Personal Finance & Money Asked by Jack Casas on July 19, 2021
Company A and Company B want to merge
After merge, company A stock holders want to have between 51.1% and 51.9% of ownership, so company B holders have the rest
The problem is that Company A only has 1.000 shares Outstanding and company B has 20.000
Also market price of company A is $4 and company B has market price of $1
How can the merger be achieved with a stock for stock combination; meaning X shares of company A stock are exchanged for each share of company B stock
Also for merge to be accepted, company B needs to have a little premium. No cash involved.
Can this be achieved?. What would be the stock on stock ratio? What alternative solutions are there if the merger MUST take place?
It doesn't matter how many shares are outstanding for either company. What metters is the end number.

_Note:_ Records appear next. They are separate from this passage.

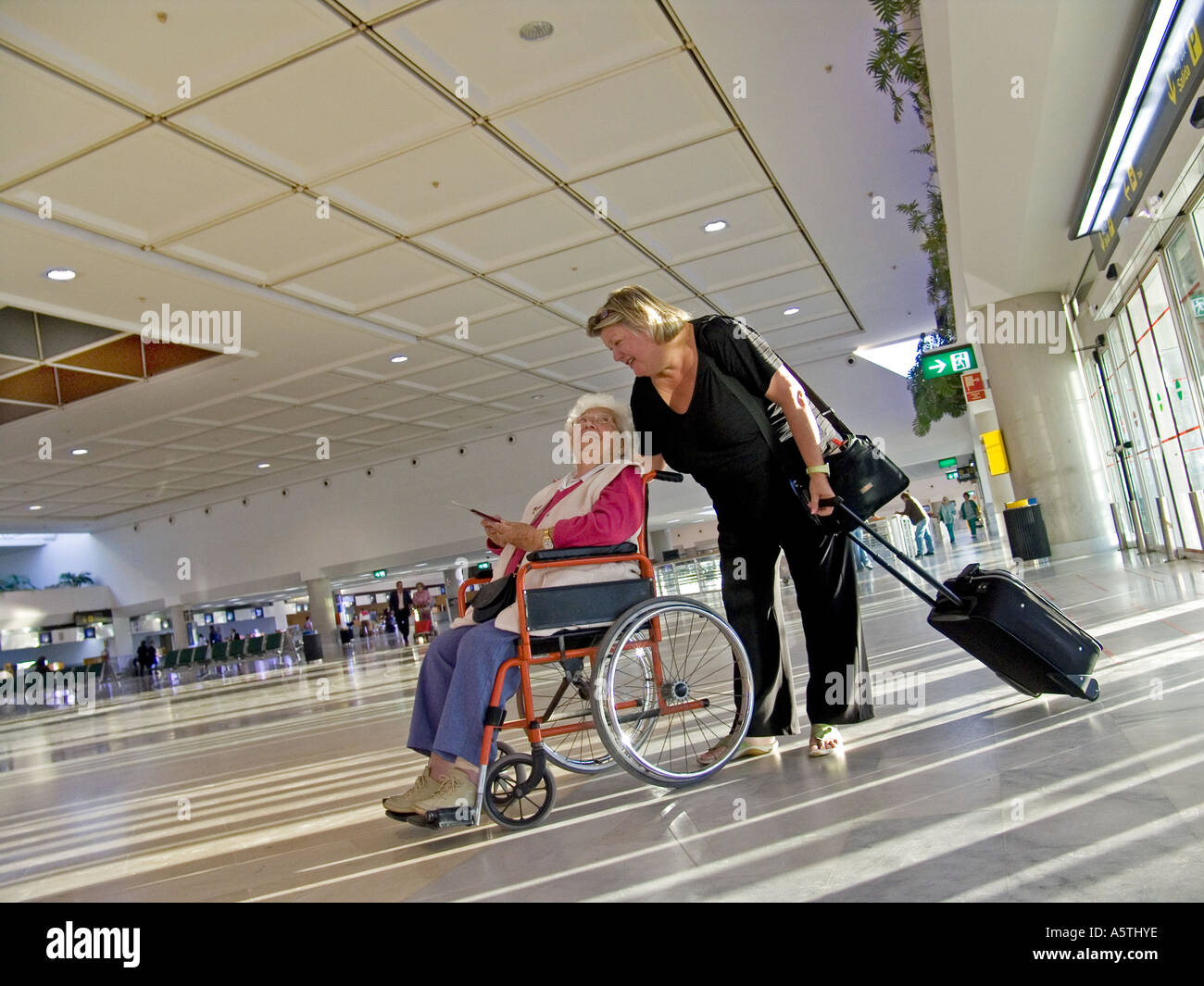 Donna anziana in carrozzina con accompagnatore femmina sul compagno aeroporto concourse Preparazione al Viaggio Foto Stock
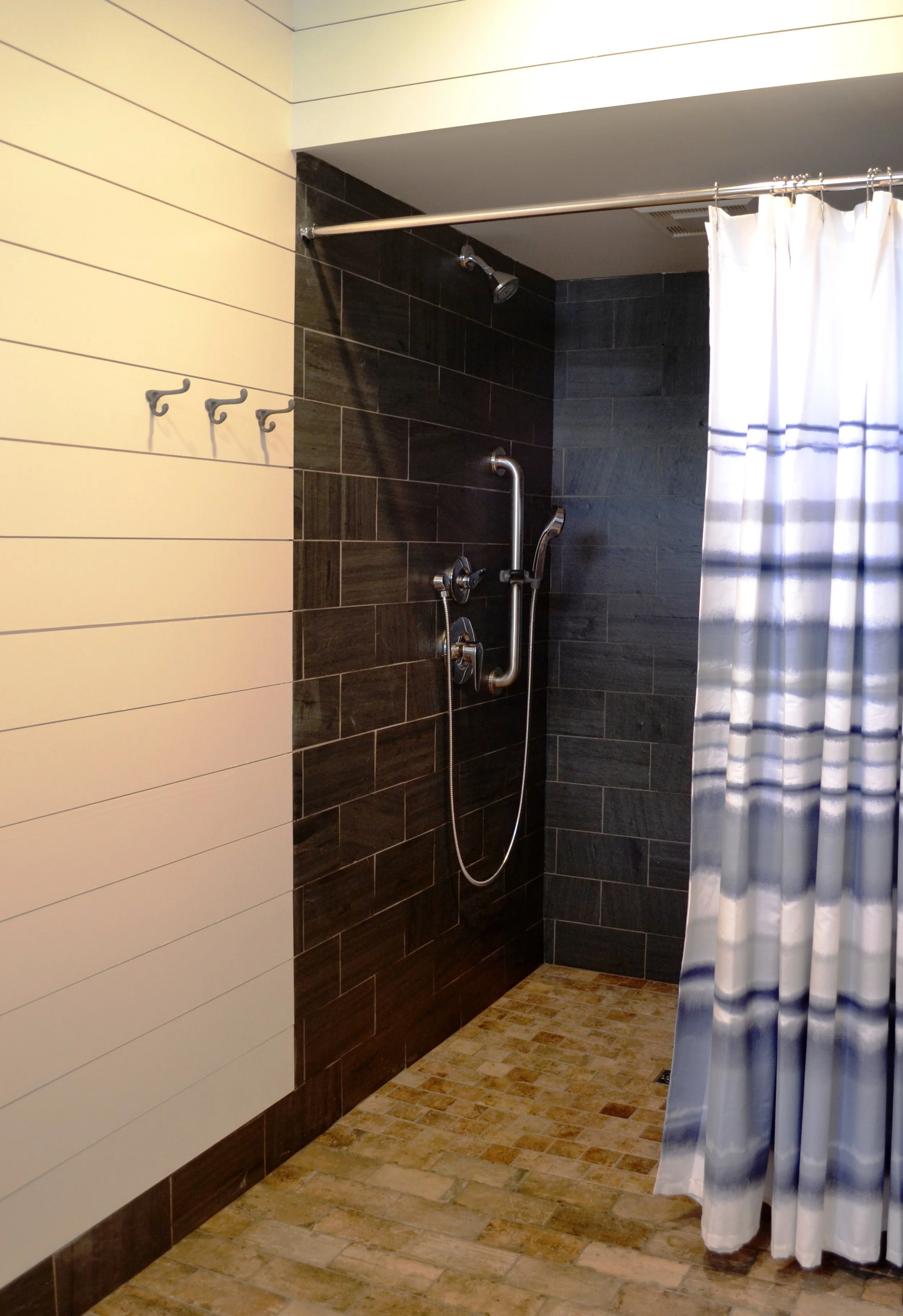 The new boat club at Basin Harbor, including a large dock for 60 boats, has its very own bathrooms with showers and a lounge room. LOVED doing these spaces! 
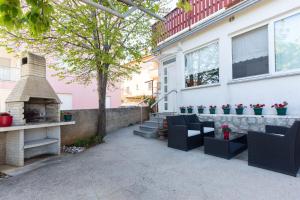 une terrasse avec 2 chaises et une cheminée dans une maison dans l'établissement Apartment Rene, à Krk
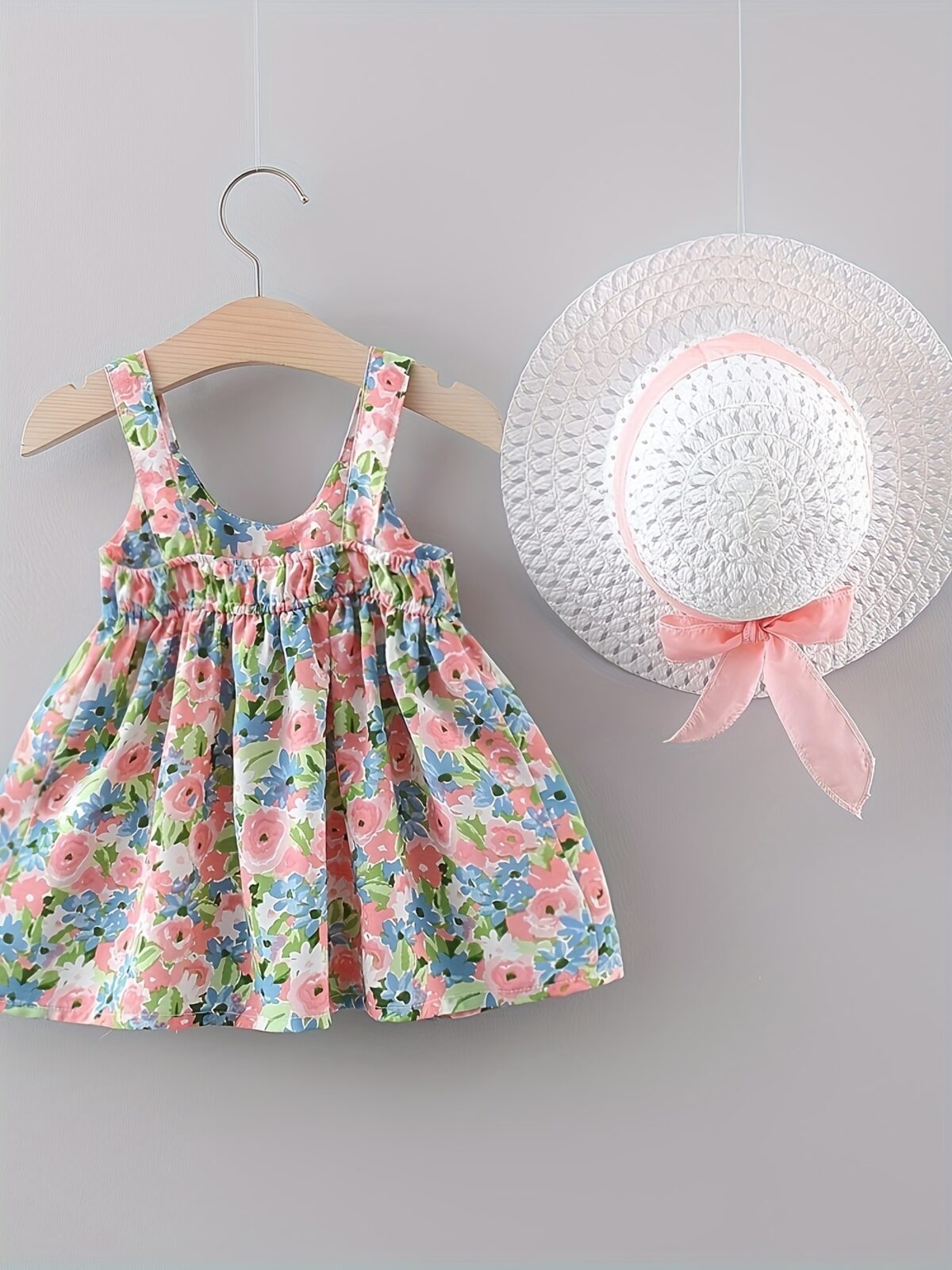 Baby girl wearing adorable Newness floral print dress and hat set perfect for summer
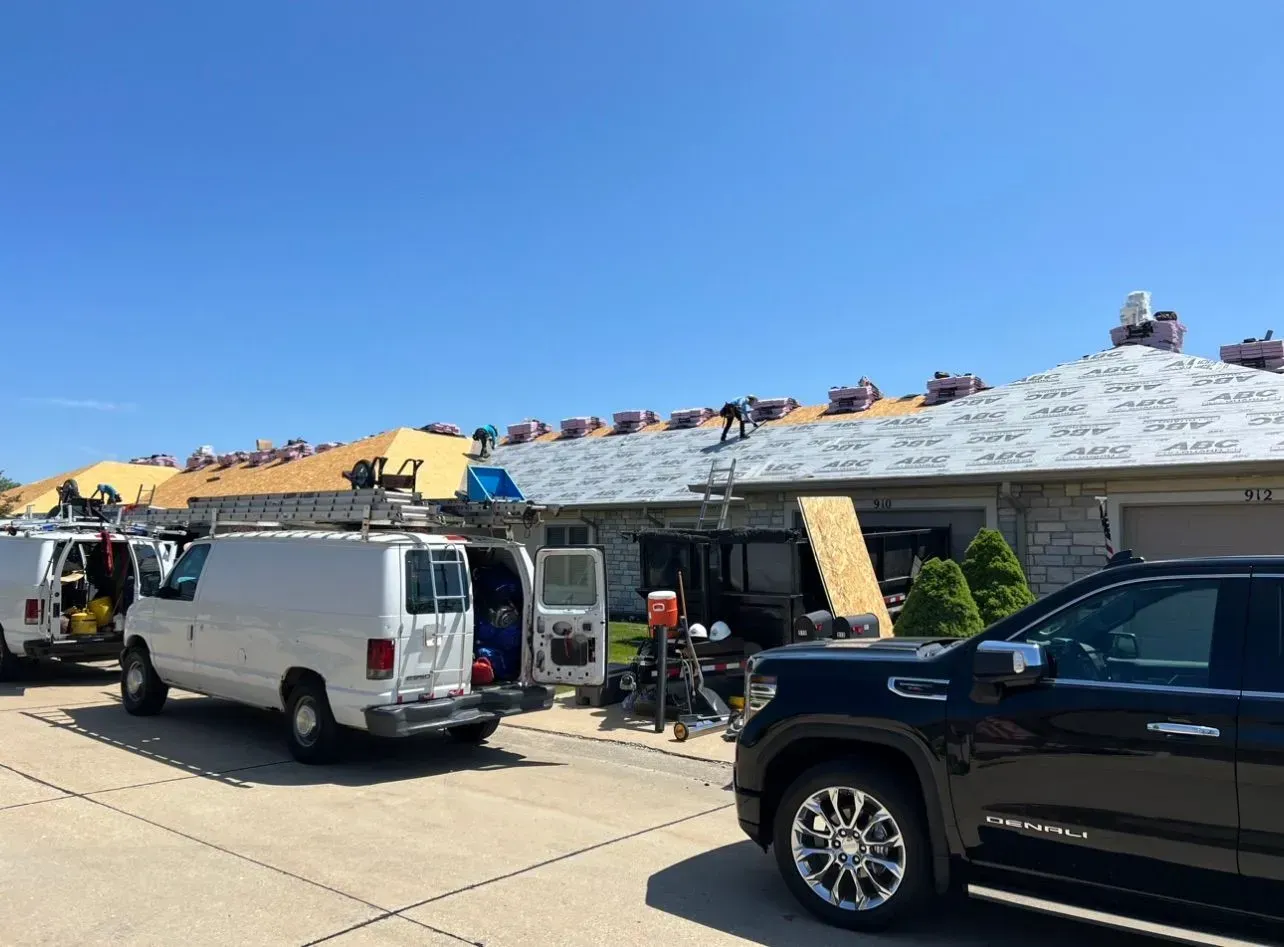 Roofers working on a row of homes with roofing materials. Several vehicles parked on the street. Blue sky.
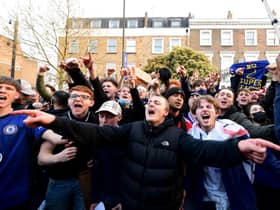 Fans react after first hearing Chelsea was preparing to withdraw from the Super League, outside Stamford Bridge, London.
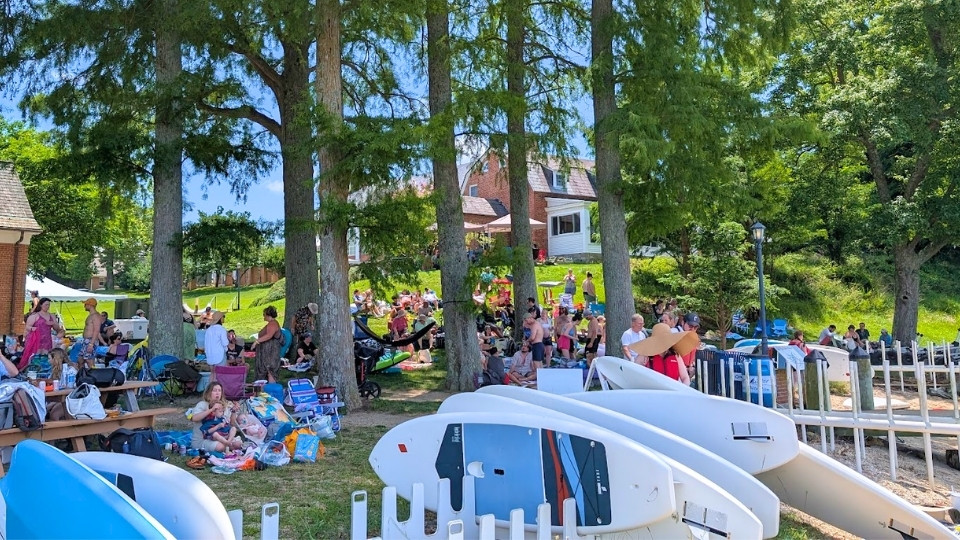 The crowd gathers under the trees at the waterfront during Alumni Weekend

In the end the combined company will not have A + B shares, they will have what ever they need to make it work and to make the people who have to approve the transaction happy.
They will perform two stock maneuvers:
After merge, company A stock holders want to have between 51.1% and 51.9% of ownership, so company B holders have the rest
The problem is that Company A only has 1.000 shares Outstanding and company B has 20.000
For example do a split of 53 shares of new A for every share of A. Now there are 53,000 shares of New A in those shareholders hands.
Exchange 2.5 shares of New A for every share of B. Now there are 50,000 shares in the hands of the former shareholders of B.
That means the people that used to own the A shares now have 53K of the 103K shares or 51.45%. In this case there would be no fractional shares.
Other numbers are possible, but if integers aren't used then cash will be needed to handle fractional shares.